From the director: Charlottesville and the presidency in 2020
Miller Center Director William Antholis tackles the tough issues for the next election
In 2020, there will be five major challenges facing the presidency, our democracy, and the world. Each issue affects Charlottesville. And on each issue, Charlottesville and the University of Virginia can contribute.
If that sounds grand, it isn’t. This city has been shaping world affairs since the founding of the Republic, thanks to presidents Thomas Jefferson, James Madison, and James Monroe.
For all of their personal flaws—slavery and beyond—these three men had an essential role in helping found and create our democracy and the presidency. That work continues, thanks to the University they came together to help create and thanks to the Charlottesville community.
The first challenge is economic opportunity.
An iron law of politics is that a healthy economy helps a president, even if there’s not much they can do about it. Since World War II, 8 out of 11 incumbents have run and won. All had strong economies.
Today, the economy is strong. If it turns sour, though, then what? Jimmy Carter defeated Gerald Ford in 1976, Ronald Reagan upset Carter in 1980, and Bill Clinton beat George H. W. Bush in 1992 using the same formula. Each promised change, amidst a bad economy.
What is Charlottesville’s role?
We have enormous talent in this city for helping government leaders think about financial crises—if and when they come—for managing financial assets, and for making sure that economic growth lifts all boats.
UVA's Darden, McIntire School of Commerce, and the College of Arts & Sciences continue to educate the next generation of financial leaders. We at the Miller Center have been lucky to work with them in looking at how presidents react to financial crises when they come, and try to prevent them in the interim.
Among the lessons this team has taught me is that bipartisanship—a rare commodity these days—was essential in fighting the financial crisis of 2008–09. We’ve also learned that when the next crisis comes, currently low interest rates and a high deficit mean that the Federal Reserve and Congress, together, may have limited tools for acting.
The Charlottesville business community has a role to play in this. It has helped foster an industry that manages close to $100 billion here, through enterprises from UVIMCO to wealth-management and private-equity firms to national and local banks and credit unions. Our financial services industry is a national leader, helping set a standard for doing this with the highest integrity. Your voice matters when it comes to managing the nation’s finances.
In addition, the greatest economic issue on the nation’s mind is health care. Health care spending makes up more than 25 percent of the federal budget and is the biggest deficit-driver.

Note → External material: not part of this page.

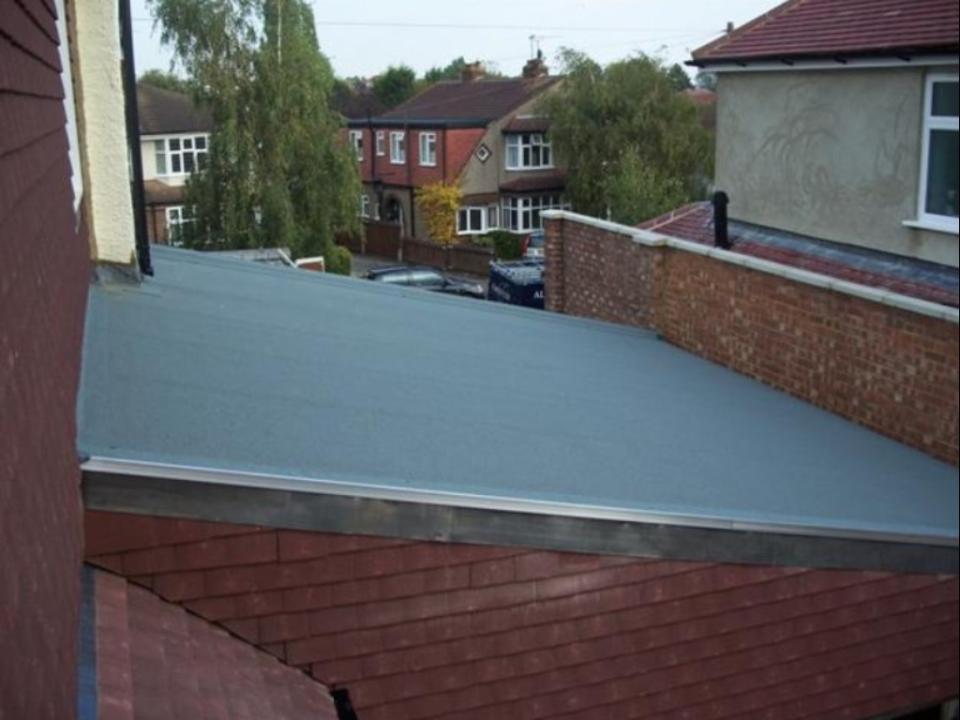 Accent Roofing in Hampton Rated People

President Trump ran on the promise to end Obamacare. It consumed half of his first year in office, and mostly failed to end it. Democrats are now debating whether Obamacare went far enough.
What happens in Charlottesville on health care matters nationally. UVA Health, Martha Jefferson, and the growing number of spin-off companies demonstrate both the opportunities and challenges.
Path-breaking science is happening here. From focused ultrasound to advanced orthopedics to work to address Alzheimer’s and autism and beyond, our community has created game-changing public-private partnerships in bio-technology. This is genuine innovation and entrepreneurialism at work.
And thank God for it. The orthopedic surgeons who repaired my mother’s rotator cuff and my daughter’s ACL are the same ones that serve world-class athletes, including our own NCAA men's basketball national champions.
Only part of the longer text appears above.